José María Madiedo ha dicho que estudiar los meteoros tiene interés porque «al analizarlos podemos averiguar la composición que tienen los cuerpos del Sistema Solar de los que proceden». Ha añadido que «también permite establecer las condiciones fisicoquímicas que existían en la nube de material a partir de la cual se formó nuestro sistema planetario». Además, estudiar los impactos «nos ayuda a hacernos una idea de cuál es el peligro de que caigan objetos mayores».
Su estudio también proporciona valiosas claves sobre los mecanismos químicos que condujeron a aparición de la vida en nuestro planeta, dado que se piensa que los meteoroides aportaron parte de las moléculas necesarias para que ésta pudiese surgir.
Tal como ha explicado Miquel Serra-Ricart, «la mayoría de los objetos mayores de un kilómetro ya se han detectado», pero «todavía desconocemos muchos cuyo tamaño está entre el kilómetro y los 150 metros». Estos son lo suficientemente pequeños como para ser difíciles de detectar pero a la vez tienen un poder destructivo muy considerable.
Según ha dicho, los cercanos al kilómetro podrían provocar daños a escala planetaria, pero son más infrecuentes. Los situados en las decenas y los cientos de metros, sin embargo, son más abundantes, y están en la categoría de «city killers», ya que tienen la capacidad de arrasar ciudades enteras si caen en el lugar adecuado.
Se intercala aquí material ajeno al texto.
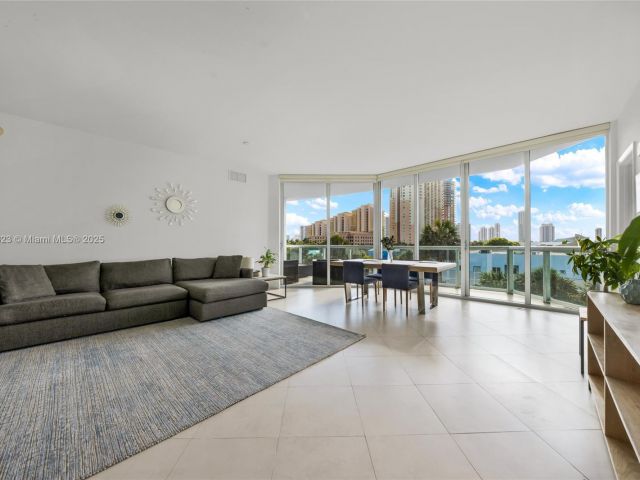 Apartment for sale  Unit #2-506 - photo 6085443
En estos casos, «lo que realmente hace daño es la onda de presión que genera. Es una bomba, que presiona de forma súbita el aire», ha explicado Serra-Ricart.
Pero, ¿qué hay ahí fuera? En la actualidad se considera que solo se conocen el uno por ciento de todos los asteroides del Sistema Solar, aunque por suerte ya se ha descubierto el 90 por ciento de los cuerpos más masivos. En total, hasta septiembre de 2018 se han descubierto 779.736 asteroides, y cada mes se descubren 2.000 más.
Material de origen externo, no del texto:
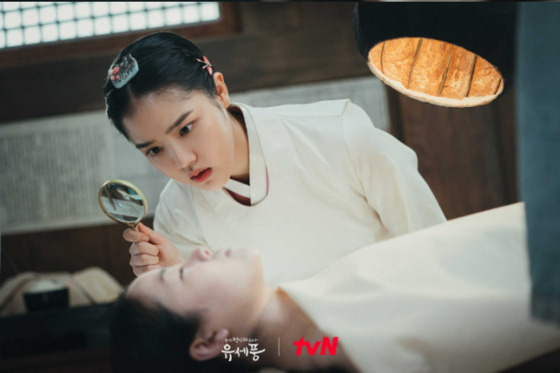 Kim Hyang-gi as her character Seo Eun-woo during a scene of the ongoing tvN series “Poong, The Joseon Psychiatrist” [TVN]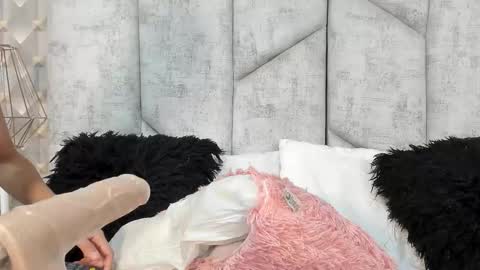 AshleyHill online show from December 20, 5:36 am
La situación cambia cuando algunos de estos asteroides y cometas son empujados por la gravedad del Sol y se acercan a menos de 1,3 Unidades Astronómicas (UAs) de la Tierra (una UA es la distancia que hay entre el Sol y nuestro planeta). Entonces entran en la categoría de «Near Earth Object» (NEO), u objetos próximos a la Tierra. Hasta enero de 2018 se conocían 18.819 NEOs, y cada mes se detectan unos 150 más.
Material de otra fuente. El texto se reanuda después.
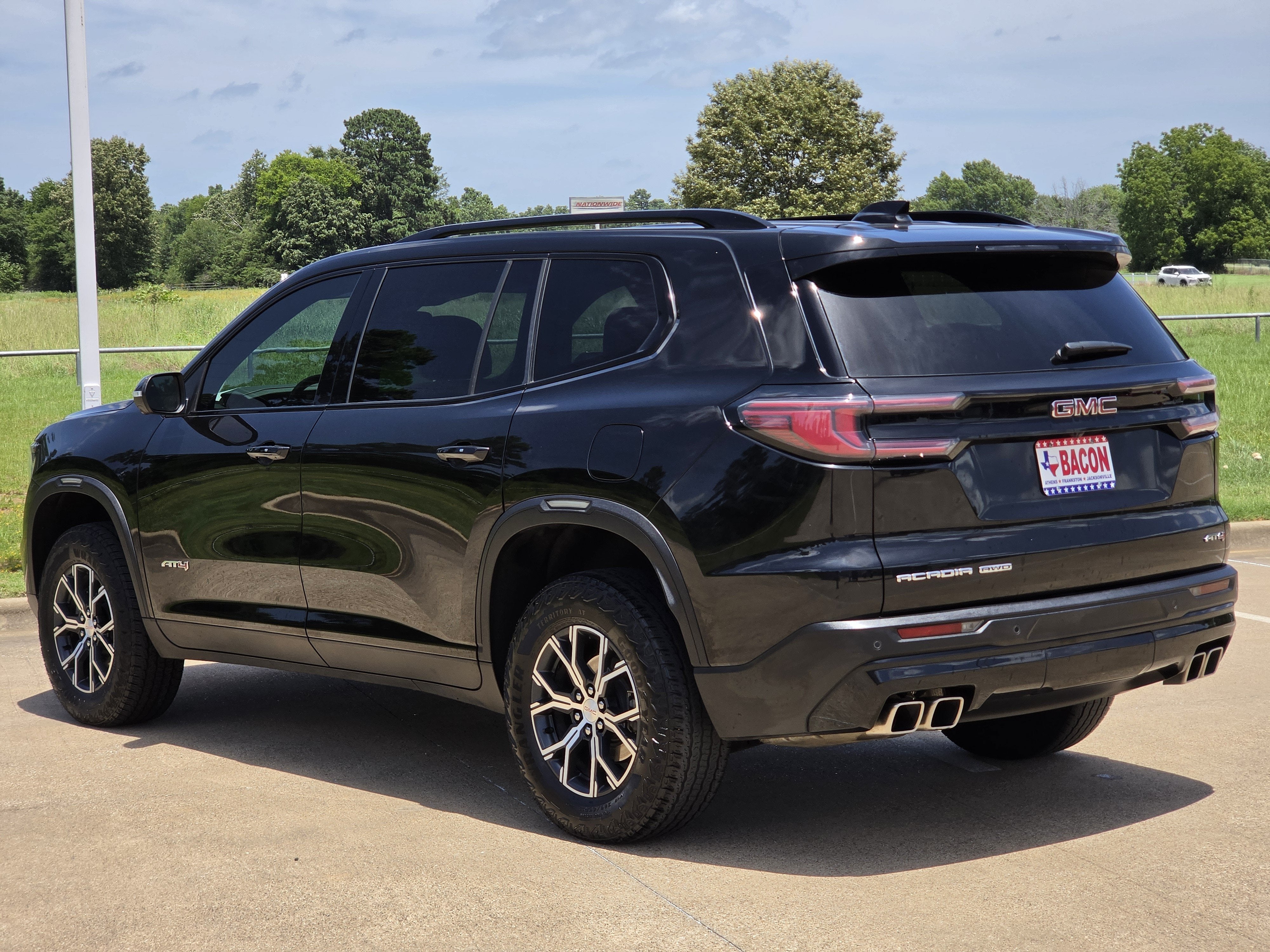 2024 GMC Acadia AWD AT4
Los asteroides que miden más de 150 metros de largo y se acercan a 7,5 millones de kilómetros de la Tierra (en comparación, la distancia mínima a la que se encuentran la Tierra y Marte es de 53 millones de kilómetros), se convierten en asteroides potencialmente peligrosos (PHAs, en inglés). Por término medio, solo el cuatro por ciento de los NEOs son además objetos potencialmente peligrosos. Hasta septiembre de 2018 se conocían 1.929 PHAs.
Por si acaso, los astrónomos están en todo momento rastreando el cielo en busca de objetos brillantes que pudieran ser asteroides o cometas con rumbo a la Tierra. Este trabajo es desempeñado por múltiples observatorios terrestres y espaciales, como Pan-STARRS 1, Catalina Sky Survey, Spacewatch , LINEAR, De Cam Neo Survey o NEOWISE.
Además, los científicos tratan de asesorar a los gobiernos para prepararse en caso de grandes contingencias.
Sin embargo, según Serra-Ricart, con los medios actuales no se puede predecir la mayoría de los impactos de objetos de decenas de metros, aunque por suerte se trate de eventos poco frecuentes.
En cuanto a los mayores impactos, provocados por rocas de un kilómetro de largo, cree que actualmente no se podría hacer nada para evitarlo. Sin embargo, aboga por resolver problemas terrenales, como redistribuir la riqueza y combatir la pobreza, antes que hacer las inversiones que harían falta para evitarlo. «Sí que apostaría por invertir más recursos en tener controlada a la población de NEOs», ha opinado.
En ese momento, la NASA prepara la misión DART («Double Asteroid Redirection Test») para probar la tecnología de los impactadores cinéticos, cuyo fin es desviar asteroides de su trayectoria para evitar choques contra la Tierra.